> _Information provided_
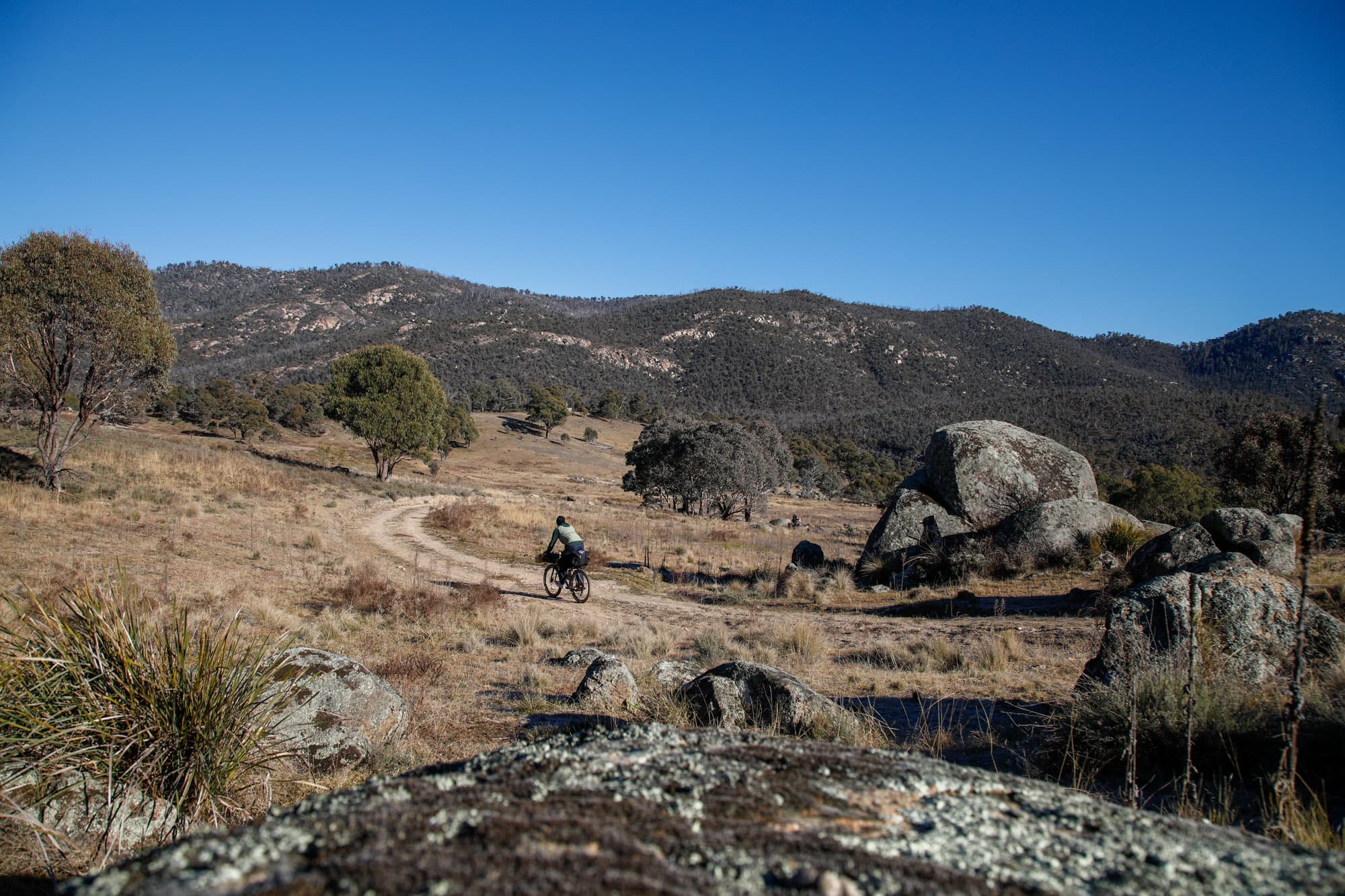 Riding doubletrack through boulder-strewn grassland in the hills.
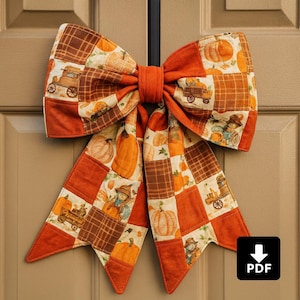 May include: A large, decorative bow made of quilted fabric, featuring a patchwork design with fall-themed patterns. The bow has a central knot and long, flowing tails. The fabric incorporates images of pumpkins, scarecrows, and harvest wagons in shades of orange, brown, and cream.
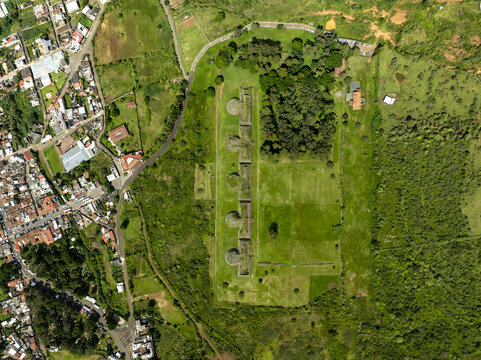Aerial view of the Yacatas Tzintzuntzan archaeological site with its five circular stone structures surrounded by lush green lawns and forest in Tzintzuntzan, Michoacan, Mexico.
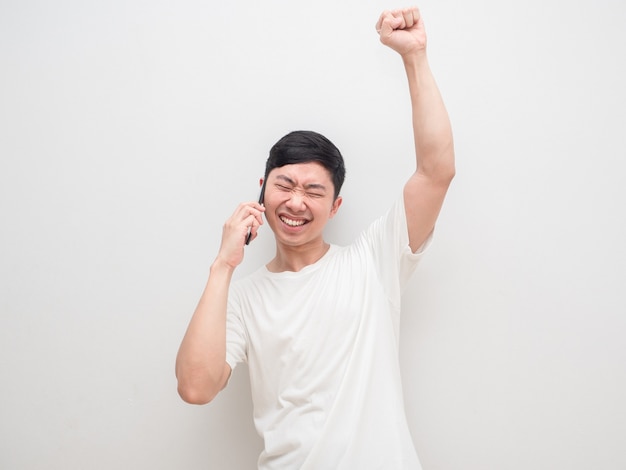 Hombre joven que se siente feliz y exitoso sosteniendo el teléfono celular y la mano hacia arriba el fondo de la pared blanca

> _The task_
Leave out the pictures. Transcribe only the lines above, from the first through the one that contains "Aerial view of".

> _Exercise solution_
 Riding doubletrack through boulder-strewn grassland in the hills.
 May include: A large, decorative bow made of quilted fabric, featuring a patchwork design with fall-themed patterns. The bow has a central knot and long, flowing tails. The fabric incorporates images of pumpkins, scarecrows, and harvest wagons in shades of orange, brown, and cream.
Aerial view of the Yacatas Tzintzuntzan archaeological site with its five circular stone structures surrounded by lush green lawns and forest in Tzintzuntzan, Michoacan, Mexico.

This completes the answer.